Automation is a commonly adopted technique for separating the signal from the noise amidst vast amounts of cybersecurity data. But intelligence sharing is something DoE puts a particular focus on. That’s largely due to the uniquely federated environment of the agency: In addition to headquarters and its individual offices, DoE also administers the national laboratories and a number of citizen-facing programs, and oversees a significant contractor workforce.
DoE’s Integrated Joint Cybersecurity Coordination Center (IJC3) feeds information to the Office of the Chief Information Officer so that it can do updates and intrusion detection and prevention. Greg Doan, associate deputy CIO for Enterprise I.T. Operations and Shared Services, said that though most of that is automated, incidents and anomalies can prompt manual reviews. Likewise, the CIO office notifies IJC3 whenever it experiences an event.
“We try to handle these things at the lowest level possible, but we’re always making sure that the proper parties are informed and that we’re sharing what we’ve learned from these incidents. It’s not a matter of just flipping a switch to turn off the bad thing,” Brown said. “We then need to turn to our colleagues and say, we just saw this, this is what we learned. And sometimes we get some fusion there and we get a much broader sense of what’s going on. And now we’re proactive and we’re preventing these attacks before they happen.”
Implementing AI
Doan and Brown said that DoE is approaching implementing AI for cybersecurity purposes cautiously, though they’re already seeing results and are optimistic about its capability and potential.

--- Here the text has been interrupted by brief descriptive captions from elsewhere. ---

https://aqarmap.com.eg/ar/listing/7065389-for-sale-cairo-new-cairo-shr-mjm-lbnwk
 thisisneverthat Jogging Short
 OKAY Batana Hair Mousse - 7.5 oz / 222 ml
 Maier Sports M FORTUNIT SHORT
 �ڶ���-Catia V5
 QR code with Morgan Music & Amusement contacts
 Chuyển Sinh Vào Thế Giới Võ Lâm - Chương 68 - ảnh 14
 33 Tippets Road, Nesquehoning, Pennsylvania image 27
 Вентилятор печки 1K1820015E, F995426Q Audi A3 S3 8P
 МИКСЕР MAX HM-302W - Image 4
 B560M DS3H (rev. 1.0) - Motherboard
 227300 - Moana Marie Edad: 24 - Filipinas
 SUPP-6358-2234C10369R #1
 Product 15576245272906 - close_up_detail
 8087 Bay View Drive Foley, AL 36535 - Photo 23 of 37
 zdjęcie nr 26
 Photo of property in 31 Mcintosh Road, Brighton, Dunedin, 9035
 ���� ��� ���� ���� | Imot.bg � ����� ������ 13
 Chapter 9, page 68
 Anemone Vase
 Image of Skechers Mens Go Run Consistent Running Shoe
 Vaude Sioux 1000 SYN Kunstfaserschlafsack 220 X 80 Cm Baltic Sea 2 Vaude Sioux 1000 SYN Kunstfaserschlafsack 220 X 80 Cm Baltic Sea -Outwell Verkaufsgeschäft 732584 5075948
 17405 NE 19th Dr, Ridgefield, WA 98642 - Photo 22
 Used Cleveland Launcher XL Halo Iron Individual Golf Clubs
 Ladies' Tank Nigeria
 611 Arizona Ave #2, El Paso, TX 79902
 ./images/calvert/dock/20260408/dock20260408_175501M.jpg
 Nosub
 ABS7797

Doan said tools of that nature have already been implemented on the operations side for years by vendors and software-as-a-service providers.
But he emphasized the need to stay vigilant as well.
“Certainly, as we’re working to implement AI for our end users’ use and using it for ourselves, there’s a real key focus on ensuring that that’s done safely and securely,” he said. “And securely not just from a cyber aspect, in the safety aspect of ensuring that there’s no bias or there’s no other factors that are going to influence what the particular model may do — something unintended.”
Brown agreed with the need to monitor it closely.
“AI is the new guy, and like anybody that’s new to the office, you’re going to eventually give it some work and you’re going to keep a very weather eye on it and make sure that it’s performing as expected,” he said. “I don’t see it being cut loose anytime soon, but it’s very glad to have that second opinion.”